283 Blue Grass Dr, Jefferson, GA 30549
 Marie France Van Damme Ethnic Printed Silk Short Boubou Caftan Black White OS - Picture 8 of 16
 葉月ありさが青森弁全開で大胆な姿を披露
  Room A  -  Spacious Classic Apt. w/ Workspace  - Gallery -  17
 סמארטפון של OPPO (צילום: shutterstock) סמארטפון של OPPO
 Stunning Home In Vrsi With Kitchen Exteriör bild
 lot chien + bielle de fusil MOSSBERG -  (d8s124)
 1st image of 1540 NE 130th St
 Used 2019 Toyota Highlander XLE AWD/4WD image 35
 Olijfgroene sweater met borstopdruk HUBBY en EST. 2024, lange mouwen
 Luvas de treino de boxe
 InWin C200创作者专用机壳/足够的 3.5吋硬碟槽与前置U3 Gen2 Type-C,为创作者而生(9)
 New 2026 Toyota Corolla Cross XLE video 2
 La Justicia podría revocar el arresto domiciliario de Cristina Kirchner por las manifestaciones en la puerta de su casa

*****

(WHAT YOU NEED TO DO):
The records above must be output exactly, in full.

(EXERCISE SOLUTION):
283 Blue Grass Dr, Jefferson, GA 30549
 Marie France Van Damme Ethnic Printed Silk Short Boubou Caftan Black White OS - Picture 8 of 16
 葉月ありさが青森弁全開で大胆な姿を披露
  Room A  -  Spacious Classic Apt. w/ Workspace  - Gallery -  17
 סמארטפון של OPPO (צילום: shutterstock) סמארטפון של OPPO
 Stunning Home In Vrsi With Kitchen Exteriör bild
 lot chien + bielle de fusil MOSSBERG -  (d8s124)
 1st image of 1540 NE 130th St
 Used 2019 Toyota Highlander XLE AWD/4WD image 35
 Olijfgroene sweater met borstopdruk HUBBY en EST. 2024, lange mouwen
 Luvas de treino de boxe
 InWin C200创作者专用机壳/足够的 3.5吋硬碟槽与前置U3 Gen2 Type-C,为创作者而生(9)
 New 2026 Toyota Corolla Cross XLE video 2
 La Justicia podría revocar el arresto domiciliario de Cristina Kirchner por las manifestaciones en la puerta de su casa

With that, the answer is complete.